Luke reminds us that God has different ideas about home than the rest of us do. Solomon’s temple was quite a structure, and God apparently liked it well enough. Well enough to visit, but it was never really God’s home, or so it seems. For one thing it was always called Solomon’s temple. God says to David “Your son will build my home” when he said in the Hebrew scripture text for the fourth Sunday of Advent,. We all assumed God meant Solomon, the son who built the temple.

But, God had a different son in mind. God was thinking of the one that Gabriel would call, “the Son of the Most High,” the one that would “reign over the house of Jacob forever, and of his kingdom there would be no end.” That’s the son who would build God’s home. No one quite got that. David didn’t really understand what God meant. Solomon didn’t really understand either, but he got the construction crew out anyway. No one knew what God really meant— no one, but Mary.

But then the indications are that Mary didn’t really understand either. How could she? Just imagine, this young, unmarried, soon-to-be married girl, gets a message from God. And the message is, God’s coming home. Taking up residence. In her. Excuse me?

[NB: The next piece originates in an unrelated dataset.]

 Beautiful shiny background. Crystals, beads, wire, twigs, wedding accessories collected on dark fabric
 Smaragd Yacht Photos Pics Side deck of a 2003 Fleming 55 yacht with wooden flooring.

This nothing special, backwoods, teenager was going be God’s home for a few months. And talk about your troubling house guests! Feet on the furniture are nothing compared to this. Those who are mothers, who have experienced the joy of pregnancy and birth know better than the rest of us the hard realities of this little event. Here we are a few days before Christmas talking about Mary finding out she’s going to be pregnant, and then Wednesday night, she gives birth. Pretty amazing, really. But not real. She carried this load just like everyone else; she hurt and she sweated and she paced and she groaned and she struggled and she wondered and she worried and she bled and she gave birth in a barn because no one was willing to give her a bed. “Greetings favored one, the Lord is with you.” The Lord has a different idea of favoritism than we do. The Lord has a different idea of blessing than we do. The Lord has a different idea of home than we do.

“Come home,” says the Lord to us at Christmas time. “Come home.” David wanted to build a house for God on the tallest hill in Jerusalem, where God could be removed and distant and overlook all the people who would have to go out of their way to give obedience to God. But God wanted to build his home a little closer to the deep realities of living in this world so that we would be surprised by God where we live. God wanted to build his home where we sweat and labor, where we work and play, where we laugh and cry, where our hearts are lifted up and often broken and sometimes healed.

David wanted God’s home on a mountain, but God wanted his home in the womb of a virgin, in the feed box behind an inn in the little town of Bethlehem. God wanted his home in the backwoods region of Galilee, on the roads of the countryside, in the grassy place where five thousand sat and ate their fill. God wanted his home in the birthing units and wedding celebrations and the dinner parties. God wanted his home in the tear-filled bedrooms and sick beds and the graveyards of his children. God wanted his home in the court rooms and prison cells and then on the streets of sorrow of Jerusalem and the dark hill called Calvary.

The point is you can’t lose Christmas. It comes to you. Wherever you are. Christmas isn’t found in the traditions and the practices, in the customs and the patterns of our celebrations. But neither is it found in the sharing and the connections of family and friends who gather, who come home for the season or the celebration. It is something deeper, something inside. It is a part of you. Born in you and from you. And yes, it does find a more joyful expression when we connect with others, with loved ones and strangers alike. But that joy transcends distance, transcends disappointment, overcomes fear and hesitation. You can’t lose Christmas.

God wants his home in your home, in the living rooms and kitchens and playrooms and bedrooms of your life. God calls to us at Christmas and says, “Greetings, favored ones! I’m coming home, coming home for Christmas. And like any baby born in our midst, he says, “I won’t take up much room, just all that you have. Is there room for me? I’m coming home.” And off to the side, almost out of our vision, an angel waits for our answer.